While I admit both occasionally serve me up a humbling dose of frustration, I mostly take great pleasure in my knitting and writing accomplishments. I show off my shawls with as much shameless pride as I do my books. I look for creativity in my stitches with the same fever I do in my characters. For me, a story unravels itself before me just as a scarf builds stitch by stitch.
I find the two to be a perfect counterbalance. After a long day of staring at, messing with, and pondering words, nothing feels better than yarn running through my fingers. It is a particular pleasure to watch as the instructional words of a pattern transform themselves into a soft scarf--it's magic in my hands. Like many writers, I am a highly sensory person. I'm forever taking in how things feel, look, sound, etc. The varied textures of yarn indulge my senses in the same way a really good slice of lemon meringue pie (my personal favorite!) indulges my taste.
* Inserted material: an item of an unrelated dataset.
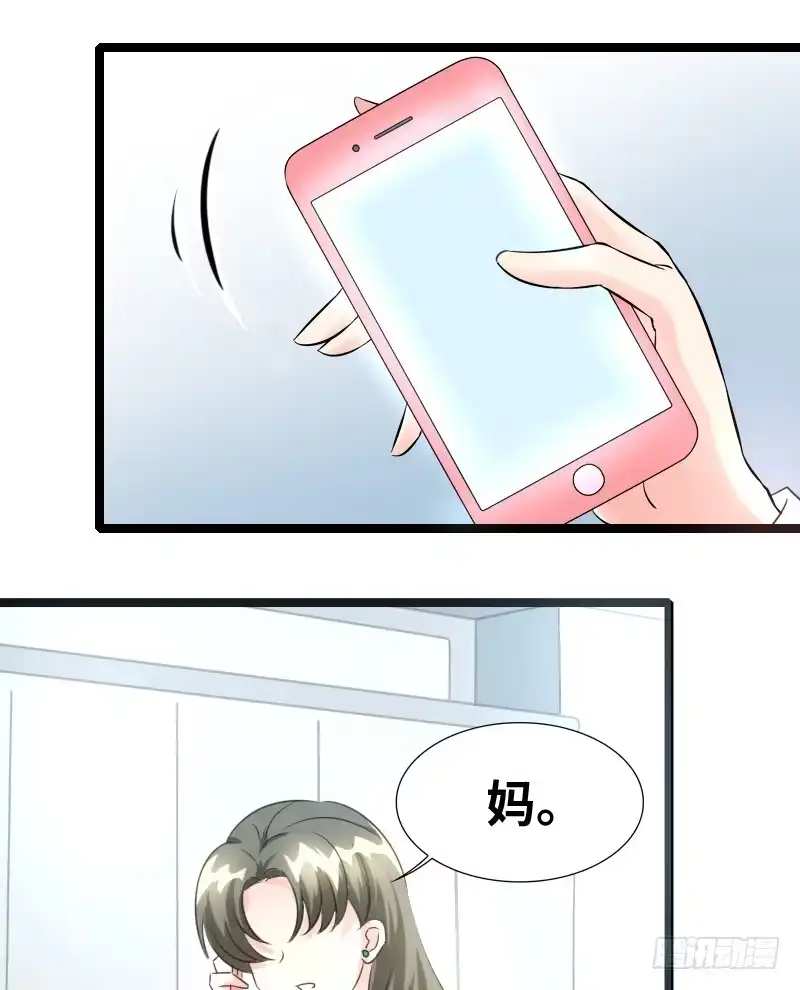 《情深不抵陈年恨》会是什么呢？ 第17页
And yes, I'm thankful yarn is calorie-free.
I knit everywhere. If you see me at a writing conference or any other of my many speaking engagements, I'm often knitting. I'm known to say "knitting is socially acceptable fidgeting." I'm not the kind of person who can sit still and watch for long periods of time, so knitting helps me pay attention. I'm not knitting because you bore me, I'm knitting so that I pay better attention to you. I'm skilled enough that often I have no need to look down at my fingers and can direct my complete attention to the speaker. I travel to teach writing frequently, and nothing eases the frustrations of travel like knitting in your hands. Flight delay? It's just an opportunity to get in a few more rows. And I love how knitting often opens up conversations with fellow travelers.
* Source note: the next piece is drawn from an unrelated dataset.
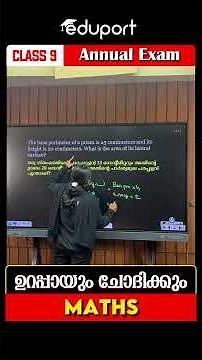 Maths Prediction🔥🔥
Is it any wonder that so many of my characters knit? Why wouldn't I take every chance to share my passion for the craft with the world? Because to me, knitting in books is simply the best of both worlds!
-- Allie Pleiter
Allie is giving away four copies of It Came Upon a Midnight Shear, drop her a note and include your shipping address, in case you are one of the winners. Email: [email protected]
Thanks for reading with me. It's so good to read with friends.
Suzanne Beecher
[email protected]
AUTHORBUZZ: Discover new books, "meet" the authors and enter to win.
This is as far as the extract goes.